_Task_:
In the entries that follow, find the line containing "BJORN AXEN SALT WATER SPRAY 150ml" and the line containing "沼津 グランド ホテル 自転車 沼津 グランド ホテル 自転車", then retype exactly the lines from the first through the second, pictures excluded.

_Material provided_:
== Segment start ==

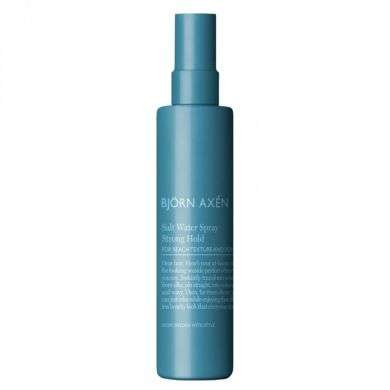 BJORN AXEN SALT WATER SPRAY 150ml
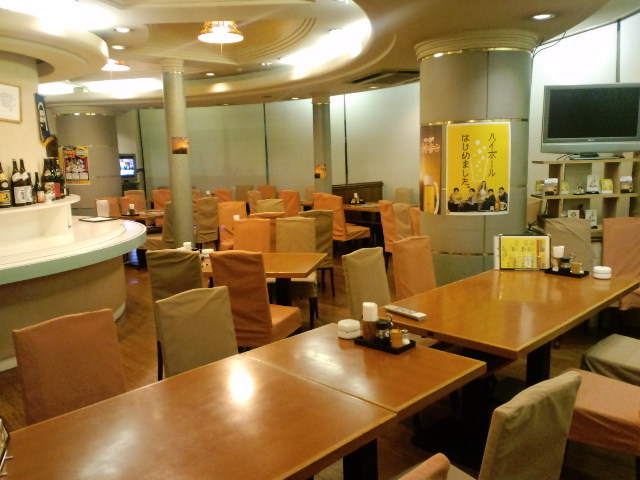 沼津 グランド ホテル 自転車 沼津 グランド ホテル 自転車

== Segment end ==
== Segment start ==

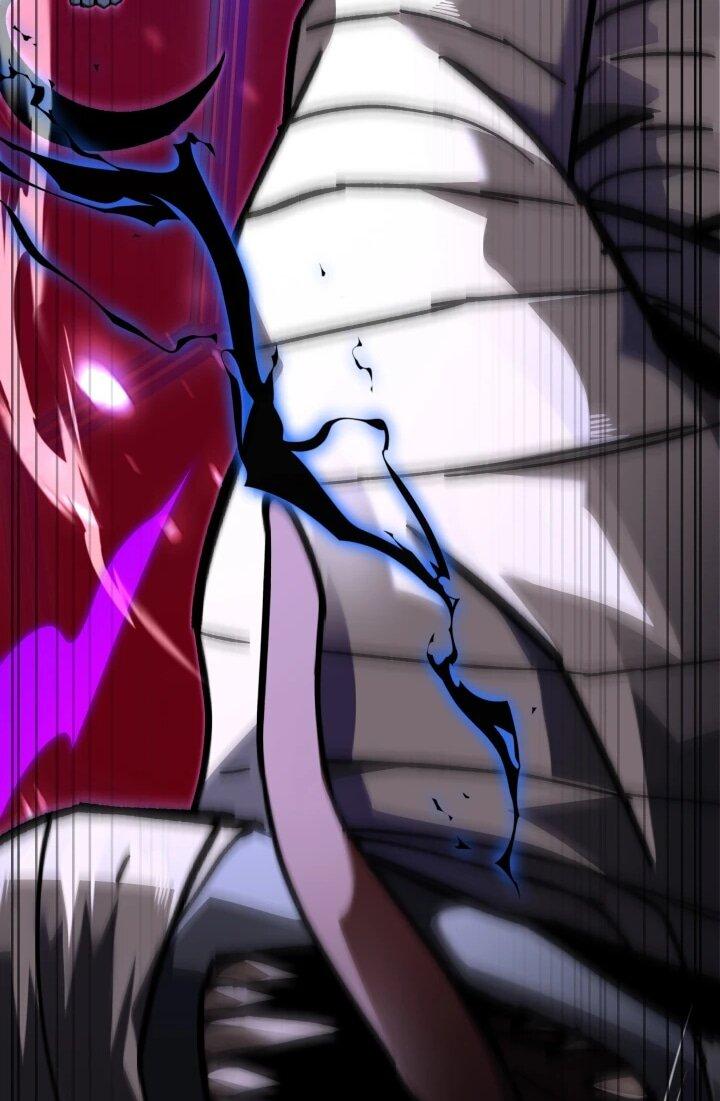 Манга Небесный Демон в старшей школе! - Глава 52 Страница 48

== Segment end ==

_Result below_:
 BJORN AXEN SALT WATER SPRAY 150ml
 沼津 グランド ホテル 自転車 沼津 グランド ホテル 自転車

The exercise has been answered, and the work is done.